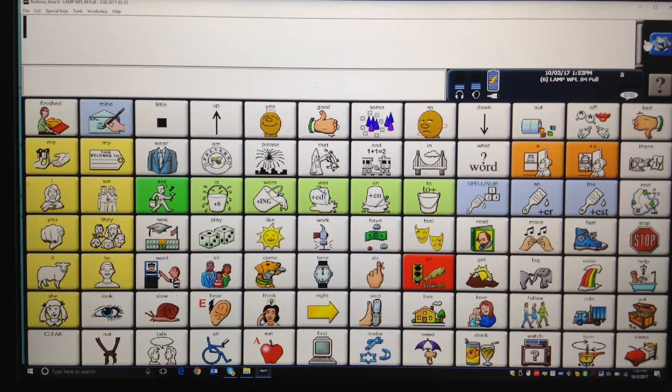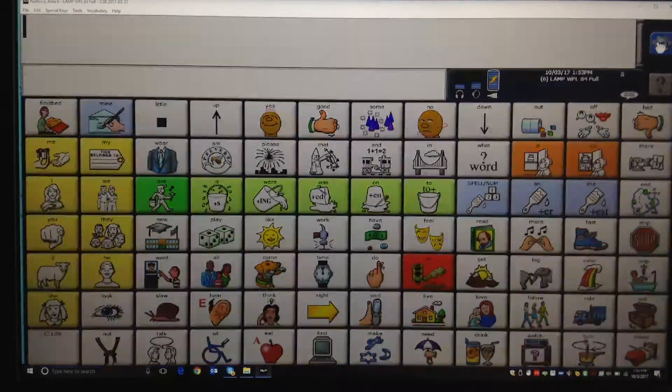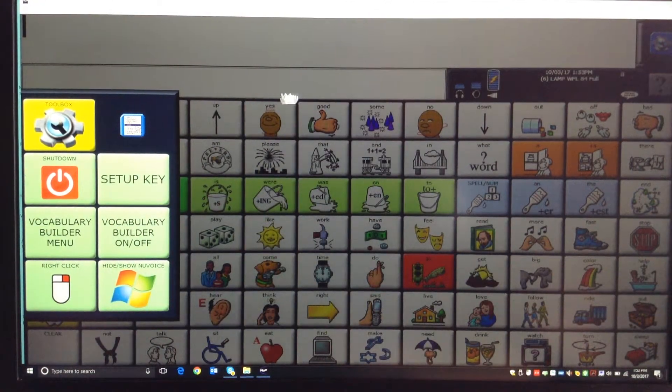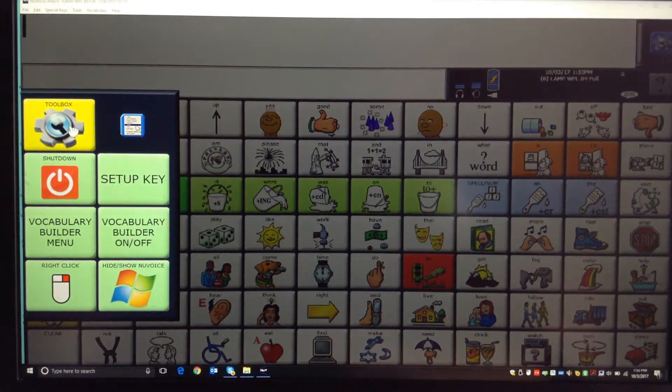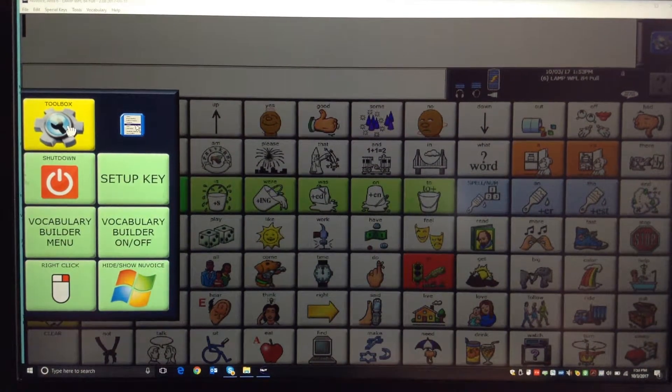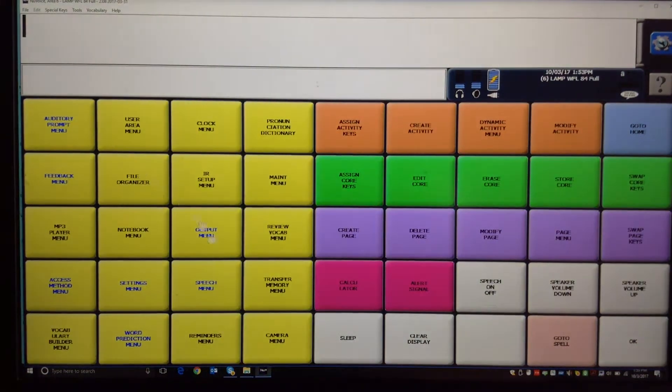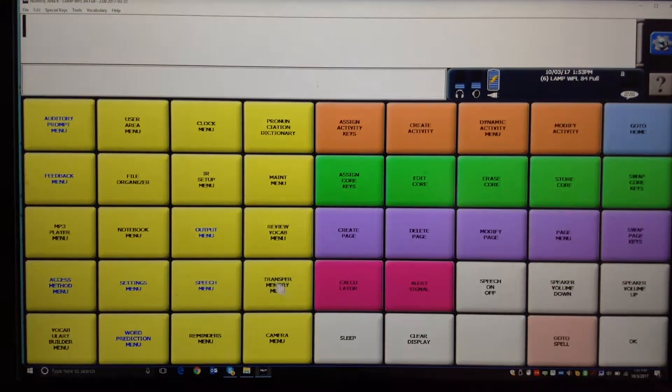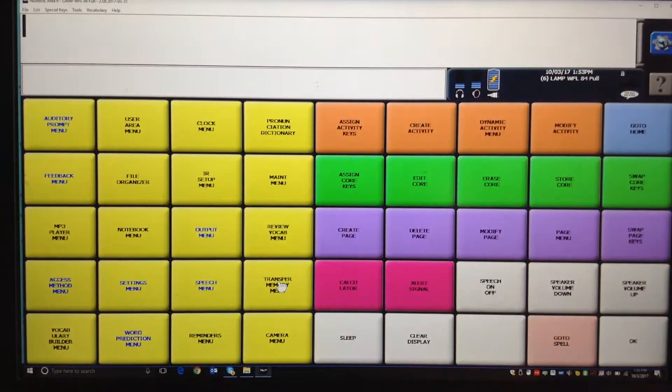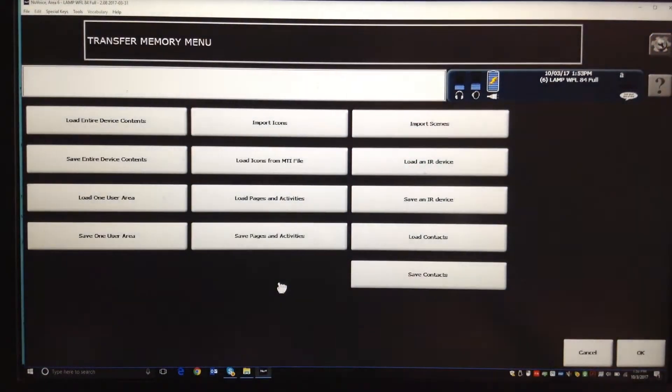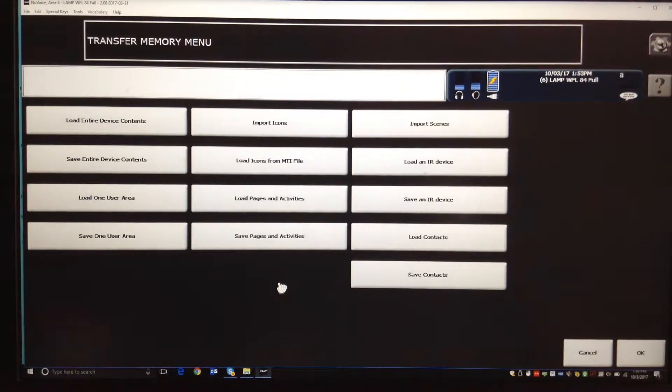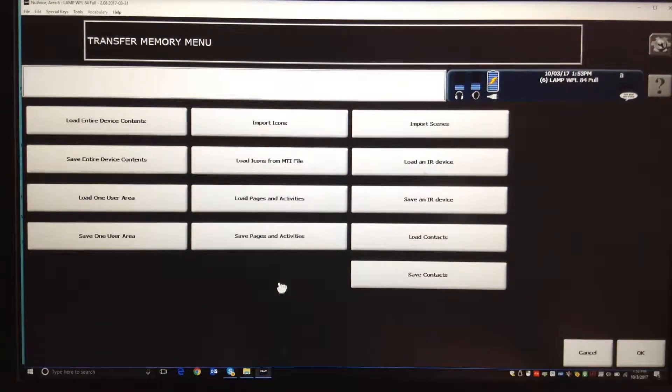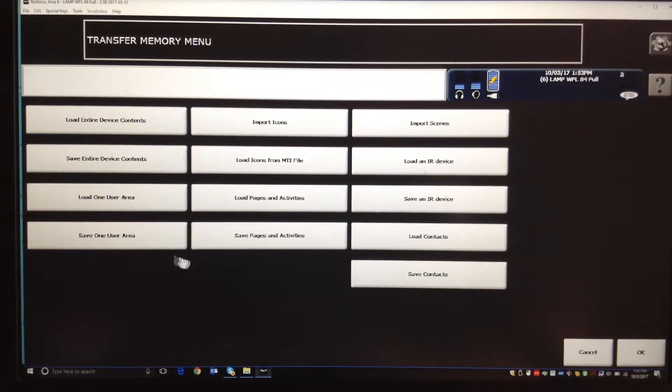Then you're going to click this button, right here with Tools, and you're going to go into the Toolbox. And now you're going to go right down here where it says Transfer Memory. And when you do that, what you're trying to do is save one user. You could save the entire device, but for now just save one user area.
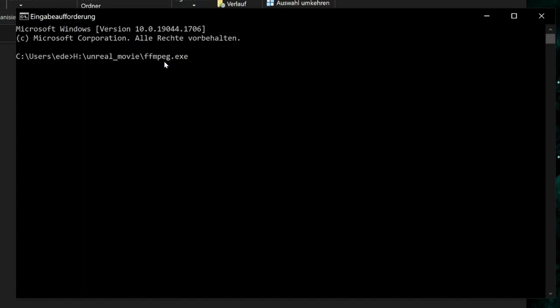And now we tell ffmpeg, please create a movie with a frame rate of 30 fps. For that, we just enter minus framerate 30. If you created your unreal movie with a frame rate of 60 fps, you just enter 60.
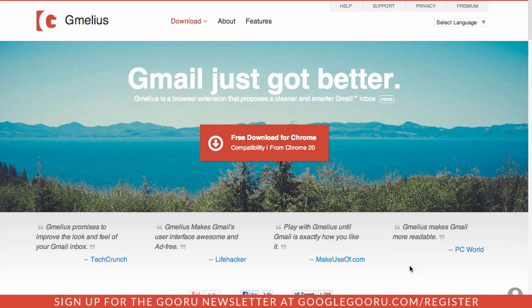Hey there everyone and welcome back to Google Guru. Today I just wanted to cover one of our favorite Chrome extensions that adds a lot of cool features to Gmail.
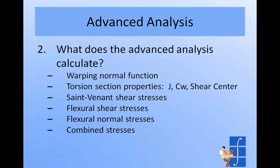And then the second part is really the flexural shear stresses. And those also come from a finite element analysis. During the advanced analysis, you can also calculate flexural normal stresses and combined stresses. The flexural normal stresses don't actually involve any advanced calculations, but we just do them with the advanced analysis because that's where we know what loads have been applied to the section, things like that.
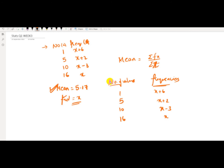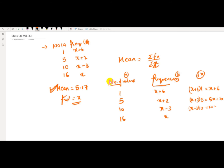We need to find the value of fx. So: (x+6)×1 = x+6; (x+2)×5 = 5x+10; (x-3)×10 = 10x-30; and x×16 = 16x.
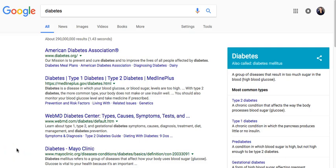Hi, this is Sarah Marks, one of the librarians here at UMass Lowell. For this video today we're going to talk about the difference between finding research articles in Google and finding research articles in our databases, and some important differences in what kind of results you're getting.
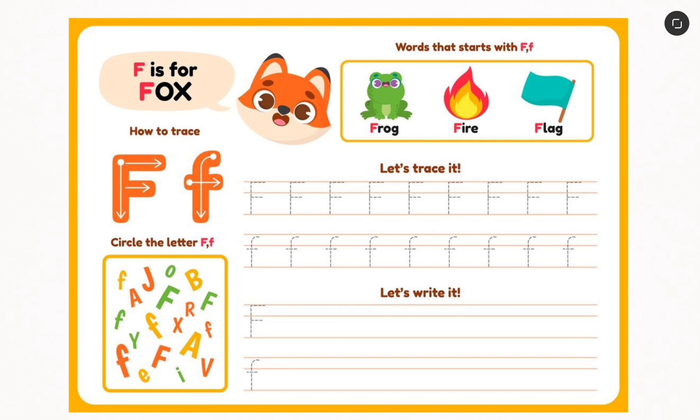So in today's video, we want to learn how to write F. We'll first of all start by tracing the F, and then writing it ourselves, and then after that we'll try to identify F among a couple of letters to see if we know what F is. So let's look at how to trace F.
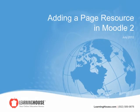This tutorial describes how to create a page resource within a course as well as how it will appear to students once created.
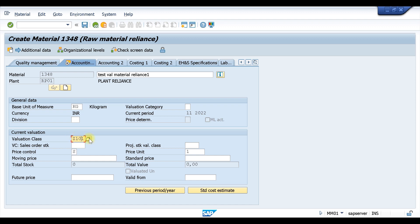Some people said that while they are creating a valuation class — through a video or from wherever they are creating it — the valuation class is not appearing on the material. We will see what needs to be configured so the valuation class populates automatically. For example, while creating a raw material you might only be getting valuation class 3000, which is the default in the dummy system.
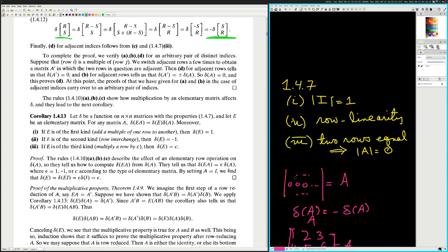For any matrix A, determinant of EA is equal to the determinant of E times determinant of A. Moreover, if E is of the first kind — add a multiple of one row to another — then determinant of E is equal to one. One way you can see this: for each of those elementary matrices, which I called the Gauss matrices, you envision what that matrix does to the identity. E is the outcome of applying E to the identity matrix.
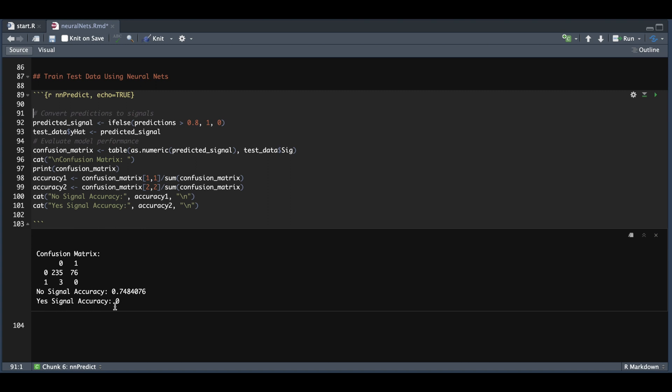So the no signal accuracy was 0.74. The yes signal accuracy was 0. My predictors were not useful at all in order to predict SPY moves greater than 1% the following day.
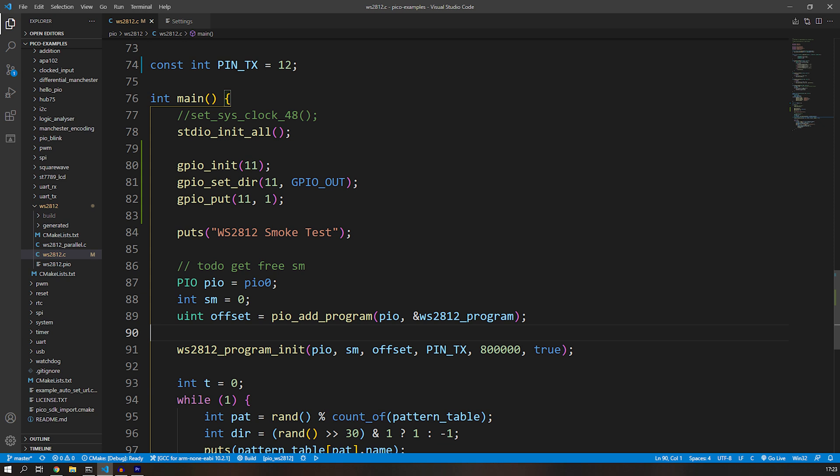So I've just added the lines to the example code that are highlighted in red now. You simply set pin 11 as an output and set it high at the start of the program running. Also, the pin number that corresponds to the data line has been edited to GPIO pin 12.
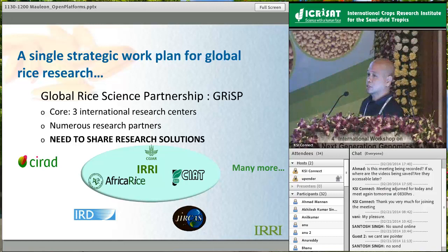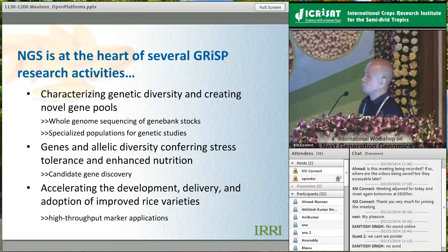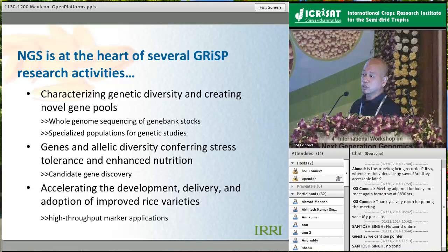We recognize the need to share research solutions across centers and ultimately to the research community at large. One of the key developments driving many research activities is next generation sequencing - there is no escape from that. It is the most cost-effective methodology now to generate datasets, especially for molecular breeding.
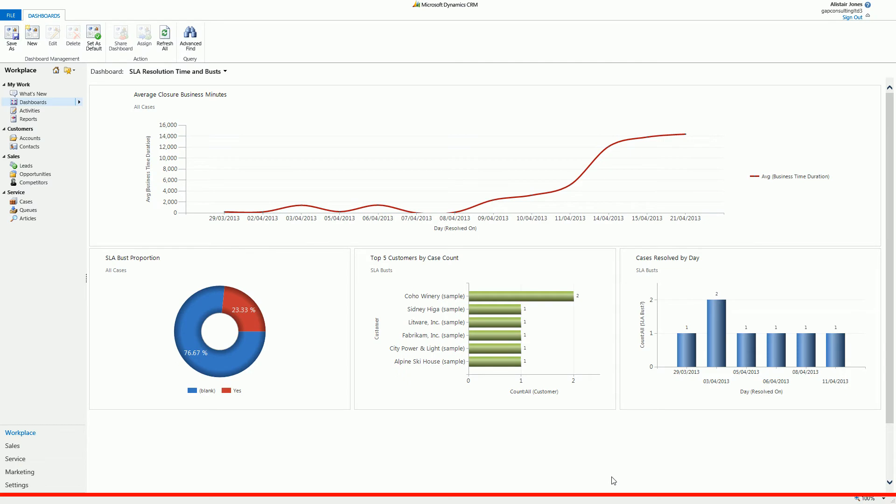Hello and welcome to the online demonstration of Auto SLA Calculator for Microsoft Dynamics CRM 2011, both on-premise and online.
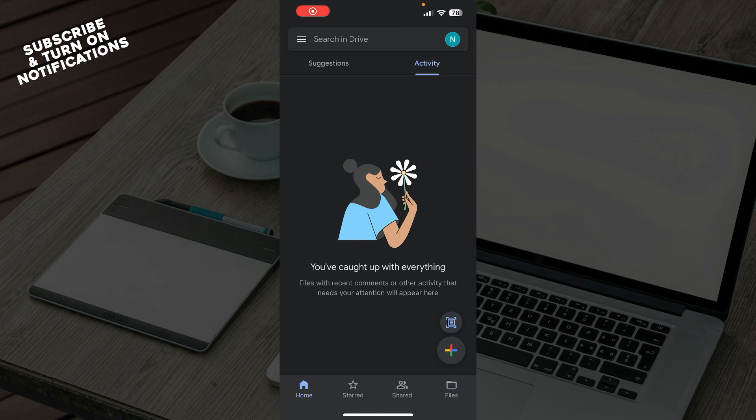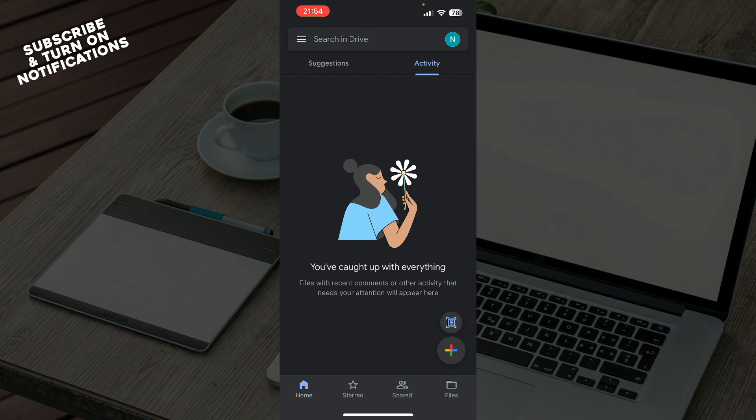Hello guys and welcome back to this channel where today I'll be showing you how to transfer ownership in Google Drive. The first thing that you need to do is go to the Google Play Store or the App Store and download the Google Drive application.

- - -

◆ Work task
Look above for the line containing "And now we tell" and the line containing "Hey there everyone", then reproduce both and everything between them exactly, pictures omitted.

◆ Response to the task
And now we tell ffmpeg, please create a movie with a frame rate of 30 fps. For that, we just enter minus framerate 30. If you created your unreal movie with a frame rate of 60 fps, you just enter 60.
Hey there everyone and welcome back to Google Guru. Today I just wanted to cover one of our favorite Chrome extensions that adds a lot of cool features to Gmail.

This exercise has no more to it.